◆ Task: Could you print out every entry, character for character?

(Data begins)

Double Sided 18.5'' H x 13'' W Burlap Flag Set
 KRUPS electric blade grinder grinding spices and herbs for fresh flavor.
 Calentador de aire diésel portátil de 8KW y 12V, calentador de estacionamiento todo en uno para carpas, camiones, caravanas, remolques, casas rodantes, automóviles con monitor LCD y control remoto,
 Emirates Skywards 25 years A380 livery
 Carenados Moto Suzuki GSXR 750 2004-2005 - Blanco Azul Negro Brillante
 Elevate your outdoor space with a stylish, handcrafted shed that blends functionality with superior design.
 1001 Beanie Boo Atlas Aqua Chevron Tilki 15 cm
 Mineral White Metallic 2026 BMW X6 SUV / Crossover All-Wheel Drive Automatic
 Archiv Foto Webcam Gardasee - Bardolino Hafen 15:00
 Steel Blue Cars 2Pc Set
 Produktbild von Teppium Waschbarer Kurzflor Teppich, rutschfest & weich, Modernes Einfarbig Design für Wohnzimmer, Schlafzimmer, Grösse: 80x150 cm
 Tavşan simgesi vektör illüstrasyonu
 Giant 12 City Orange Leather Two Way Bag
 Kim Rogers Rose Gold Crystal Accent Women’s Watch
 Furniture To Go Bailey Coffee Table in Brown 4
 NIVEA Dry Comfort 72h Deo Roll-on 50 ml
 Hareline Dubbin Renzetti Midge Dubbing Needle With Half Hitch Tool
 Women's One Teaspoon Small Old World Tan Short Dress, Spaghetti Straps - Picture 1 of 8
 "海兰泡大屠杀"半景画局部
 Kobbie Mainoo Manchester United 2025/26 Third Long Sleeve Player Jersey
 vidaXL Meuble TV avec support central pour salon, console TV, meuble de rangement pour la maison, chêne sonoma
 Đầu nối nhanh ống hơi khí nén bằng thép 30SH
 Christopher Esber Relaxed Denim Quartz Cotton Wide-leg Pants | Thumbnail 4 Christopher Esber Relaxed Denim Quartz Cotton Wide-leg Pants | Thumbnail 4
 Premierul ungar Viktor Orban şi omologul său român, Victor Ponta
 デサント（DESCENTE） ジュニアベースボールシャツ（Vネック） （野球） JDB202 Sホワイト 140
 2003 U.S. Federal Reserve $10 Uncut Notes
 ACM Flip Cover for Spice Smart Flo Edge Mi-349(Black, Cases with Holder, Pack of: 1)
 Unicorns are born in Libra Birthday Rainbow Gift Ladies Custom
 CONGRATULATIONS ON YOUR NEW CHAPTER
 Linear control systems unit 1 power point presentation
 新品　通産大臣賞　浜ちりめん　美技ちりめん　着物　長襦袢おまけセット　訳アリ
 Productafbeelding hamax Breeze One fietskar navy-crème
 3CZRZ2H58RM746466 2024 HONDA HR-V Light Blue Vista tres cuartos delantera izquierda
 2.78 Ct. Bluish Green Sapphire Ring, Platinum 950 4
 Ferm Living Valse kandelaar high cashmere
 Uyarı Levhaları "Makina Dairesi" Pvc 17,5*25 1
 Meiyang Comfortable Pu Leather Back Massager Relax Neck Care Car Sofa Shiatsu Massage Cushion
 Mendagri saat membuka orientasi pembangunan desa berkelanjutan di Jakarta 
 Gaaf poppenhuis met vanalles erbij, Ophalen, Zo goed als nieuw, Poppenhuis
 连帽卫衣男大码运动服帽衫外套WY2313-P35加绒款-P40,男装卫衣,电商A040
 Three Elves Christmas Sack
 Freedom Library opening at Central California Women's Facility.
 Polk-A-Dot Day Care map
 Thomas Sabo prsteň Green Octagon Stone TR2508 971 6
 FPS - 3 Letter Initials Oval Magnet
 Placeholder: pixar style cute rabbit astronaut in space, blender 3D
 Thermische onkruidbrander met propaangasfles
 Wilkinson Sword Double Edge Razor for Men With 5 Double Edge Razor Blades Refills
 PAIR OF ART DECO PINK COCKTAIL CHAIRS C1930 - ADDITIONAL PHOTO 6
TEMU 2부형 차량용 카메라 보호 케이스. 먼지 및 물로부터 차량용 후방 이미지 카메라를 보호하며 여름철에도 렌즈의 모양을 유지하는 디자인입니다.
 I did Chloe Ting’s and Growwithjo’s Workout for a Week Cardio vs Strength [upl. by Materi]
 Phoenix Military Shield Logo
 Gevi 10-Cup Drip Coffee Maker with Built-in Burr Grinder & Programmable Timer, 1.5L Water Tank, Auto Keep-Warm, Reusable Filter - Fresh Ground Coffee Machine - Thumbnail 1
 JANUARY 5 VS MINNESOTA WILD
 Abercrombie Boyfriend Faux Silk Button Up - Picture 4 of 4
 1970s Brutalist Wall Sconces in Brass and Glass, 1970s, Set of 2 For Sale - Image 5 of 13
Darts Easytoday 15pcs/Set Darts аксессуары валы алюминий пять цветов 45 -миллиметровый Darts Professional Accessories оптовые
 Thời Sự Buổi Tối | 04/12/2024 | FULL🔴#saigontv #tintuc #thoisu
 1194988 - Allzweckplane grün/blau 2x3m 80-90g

(Data ends)

◆ Response:
Double Sided 18.5'' H x 13'' W Burlap Flag Set
 KRUPS electric blade grinder grinding spices and herbs for fresh flavor.
 Calentador de aire diésel portátil de 8KW y 12V, calentador de estacionamiento todo en uno para carpas, camiones, caravanas, remolques, casas rodantes, automóviles con monitor LCD y control remoto,
 Emirates Skywards 25 years A380 livery
 Carenados Moto Suzuki GSXR 750 2004-2005 - Blanco Azul Negro Brillante
 Elevate your outdoor space with a stylish, handcrafted shed that blends functionality with superior design.
 1001 Beanie Boo Atlas Aqua Chevron Tilki 15 cm
 Mineral White Metallic 2026 BMW X6 SUV / Crossover All-Wheel Drive Automatic
 Archiv Foto Webcam Gardasee - Bardolino Hafen 15:00
 Steel Blue Cars 2Pc Set
 Produktbild von Teppium Waschbarer Kurzflor Teppich, rutschfest & weich, Modernes Einfarbig Design für Wohnzimmer, Schlafzimmer, Grösse: 80x150 cm
 Tavşan simgesi vektör illüstrasyonu
 Giant 12 City Orange Leather Two Way Bag
 Kim Rogers Rose Gold Crystal Accent Women’s Watch
 Furniture To Go Bailey Coffee Table in Brown 4
 NIVEA Dry Comfort 72h Deo Roll-on 50 ml
 Hareline Dubbin Renzetti Midge Dubbing Needle With Half Hitch Tool
 Women's One Teaspoon Small Old World Tan Short Dress, Spaghetti Straps - Picture 1 of 8
 "海兰泡大屠杀"半景画局部
 Kobbie Mainoo Manchester United 2025/26 Third Long Sleeve Player Jersey
 vidaXL Meuble TV avec support central pour salon, console TV, meuble de rangement pour la maison, chêne sonoma
 Đầu nối nhanh ống hơi khí nén bằng thép 30SH
 Christopher Esber Relaxed Denim Quartz Cotton Wide-leg Pants | Thumbnail 4 Christopher Esber Relaxed Denim Quartz Cotton Wide-leg Pants | Thumbnail 4
 Premierul ungar Viktor Orban şi omologul său român, Victor Ponta
 デサント（DESCENTE） ジュニアベースボールシャツ（Vネック） （野球） JDB202 Sホワイト 140
 2003 U.S. Federal Reserve $10 Uncut Notes
 ACM Flip Cover for Spice Smart Flo Edge Mi-349(Black, Cases with Holder, Pack of: 1)
 Unicorns are born in Libra Birthday Rainbow Gift Ladies Custom
 CONGRATULATIONS ON YOUR NEW CHAPTER
 Linear control systems unit 1 power point presentation
 新品　通産大臣賞　浜ちりめん　美技ちりめん　着物　長襦袢おまけセット　訳アリ
 Productafbeelding hamax Breeze One fietskar navy-crème
 3CZRZ2H58RM746466 2024 HONDA HR-V Light Blue Vista tres cuartos delantera izquierda
 2.78 Ct. Bluish Green Sapphire Ring, Platinum 950 4
 Ferm Living Valse kandelaar high cashmere
 Uyarı Levhaları "Makina Dairesi" Pvc 17,5*25 1
 Meiyang Comfortable Pu Leather Back Massager Relax Neck Care Car Sofa Shiatsu Massage Cushion
 Mendagri saat membuka orientasi pembangunan desa berkelanjutan di Jakarta 
 Gaaf poppenhuis met vanalles erbij, Ophalen, Zo goed als nieuw, Poppenhuis
 连帽卫衣男大码运动服帽衫外套WY2313-P35加绒款-P40,男装卫衣,电商A040
 Three Elves Christmas Sack
 Freedom Library opening at Central California Women's Facility.
 Polk-A-Dot Day Care map
 Thomas Sabo prsteň Green Octagon Stone TR2508 971 6
 FPS - 3 Letter Initials Oval Magnet
 Placeholder: pixar style cute rabbit astronaut in space, blender 3D
 Thermische onkruidbrander met propaangasfles
 Wilkinson Sword Double Edge Razor for Men With 5 Double Edge Razor Blades Refills
 PAIR OF ART DECO PINK COCKTAIL CHAIRS C1930 - ADDITIONAL PHOTO 6
TEMU 2부형 차량용 카메라 보호 케이스. 먼지 및 물로부터 차량용 후방 이미지 카메라를 보호하며 여름철에도 렌즈의 모양을 유지하는 디자인입니다.
 I did Chloe Ting’s and Growwithjo’s Workout for a Week Cardio vs Strength [upl. by Materi]
 Phoenix Military Shield Logo
 Gevi 10-Cup Drip Coffee Maker with Built-in Burr Grinder & Programmable Timer, 1.5L Water Tank, Auto Keep-Warm, Reusable Filter - Fresh Ground Coffee Machine - Thumbnail 1
 JANUARY 5 VS MINNESOTA WILD
 Abercrombie Boyfriend Faux Silk Button Up - Picture 4 of 4
 1970s Brutalist Wall Sconces in Brass and Glass, 1970s, Set of 2 For Sale - Image 5 of 13
Darts Easytoday 15pcs/Set Darts аксессуары валы алюминий пять цветов 45 -миллиметровый Darts Professional Accessories оптовые
 Thời Sự Buổi Tối | 04/12/2024 | FULL🔴#saigontv #tintuc #thoisu
 1194988 - Allzweckplane grün/blau 2x3m 80-90g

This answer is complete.